Affinity propagation clustering of Drosophila melanogaster neurons

Supporting information for Costa et al. (2014) NBLAST: Rapid, sensitive comparison of neuronal structure and construction of neuron family databases.

We have used affinity propagation clustering of our NBLAST scores to cluster the full FlyCircuit dataset of 16,129 neurons into 1,052 distinct clusters of highly related neurons. These clusters have been organised into superclusters, enabling both exploration of the dataset and the matching of individual clusters to morphological types reported in the literature, with these webpages being provided as a tool to enable this exploration. Each supercluster is detailed on its own page, linked to by the images below.

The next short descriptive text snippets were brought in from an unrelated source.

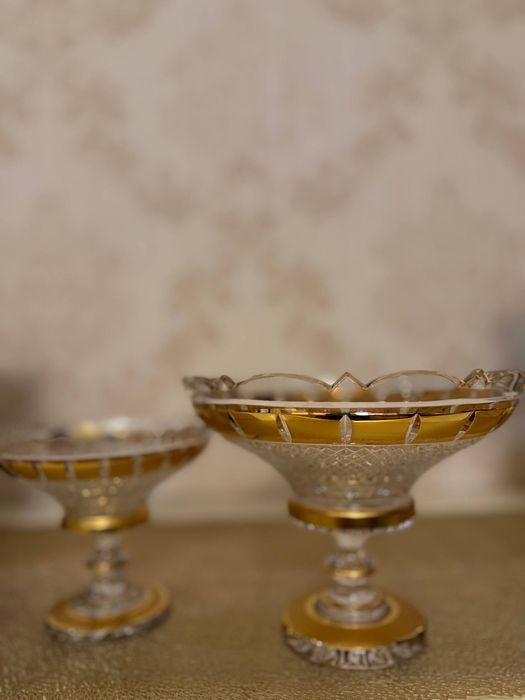 Продаётся посуды премиальные в отличном состоянии!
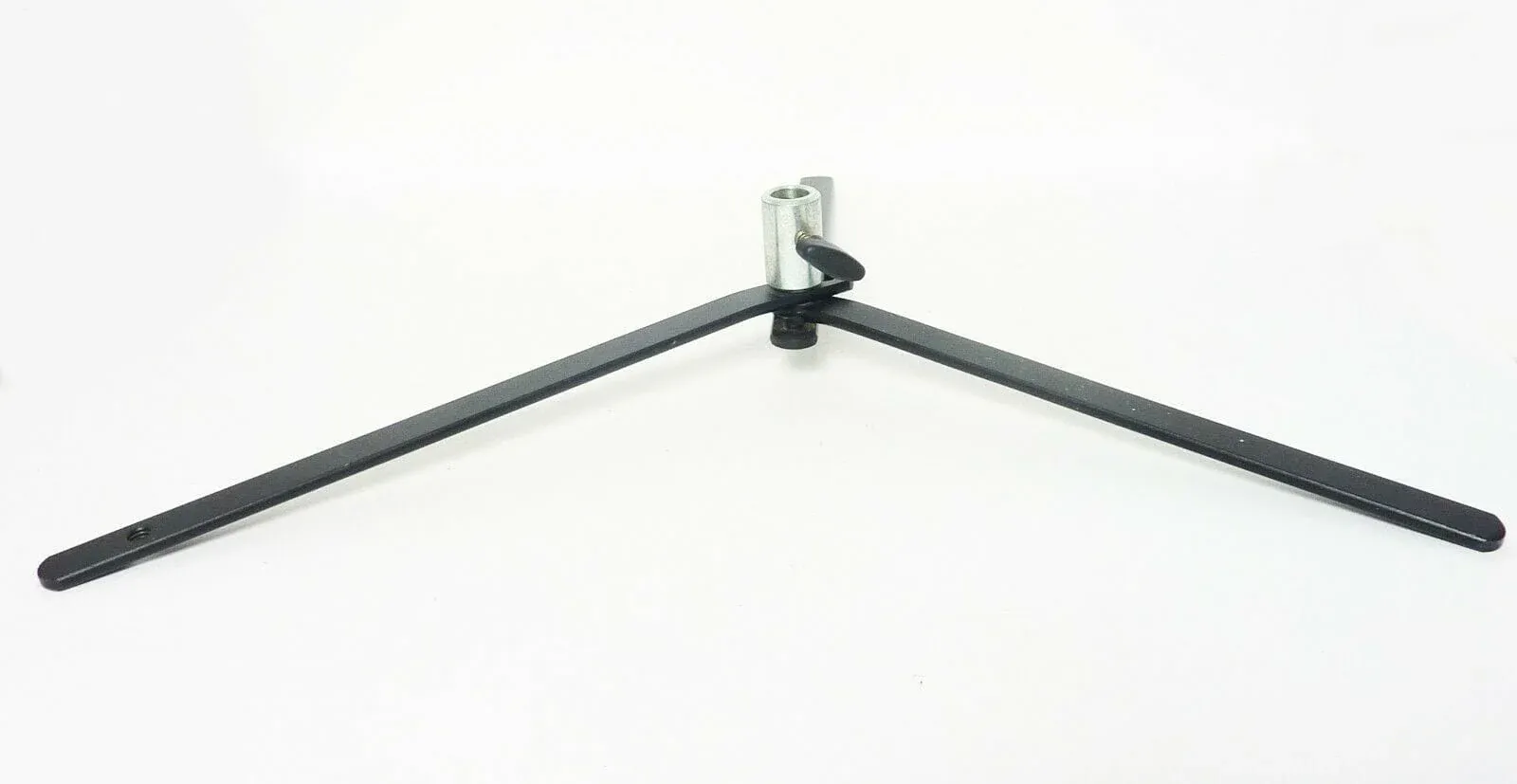 Manfrotto 003 taustavalojalusta (MA003B)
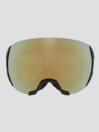 Red Bull SPECT Eyewear Sight Black Briller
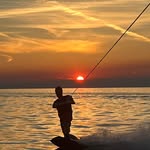 Brian Spurlock - @spurdaddy75 - Instagram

These pages provide an interactive 3D model of each supercluster with links to pages detailing the clusters contained within. Interactive 3D models of each individual cluster are provided on these pages, as well as information on the constituent neurons and similar clusters as determined by NBLAST.

Data

Raw data were provided by flycircuit.tw as described in Three-Dimensional Reconstruction of Brain-wide Wiring Networks in Drosophila at Single-Cell Resolution by Ann-Shyn Chiang et al. These were then registered into a common template space and downsampled by a factor of 2 in x and y, binarized with a threshold of 1 and then skeletonized using the Fiji plugin 'Skeletonize (2D/3D)'. Dot properties for each neuron skeleton were extracted following the method we have previously described in Masse et al. (2012), using the dotprops function of our new nat package for R.

Software

3D visualisation and analysis was performed using our open-source R package, nat. NBLAST is implemented in a further open-source R package, nat.nblast. Analysis code specific to the FlyCircuit dataset is available in a dedicated R package, flycircuit, with a package vignette showcasing the main tools that we have developed.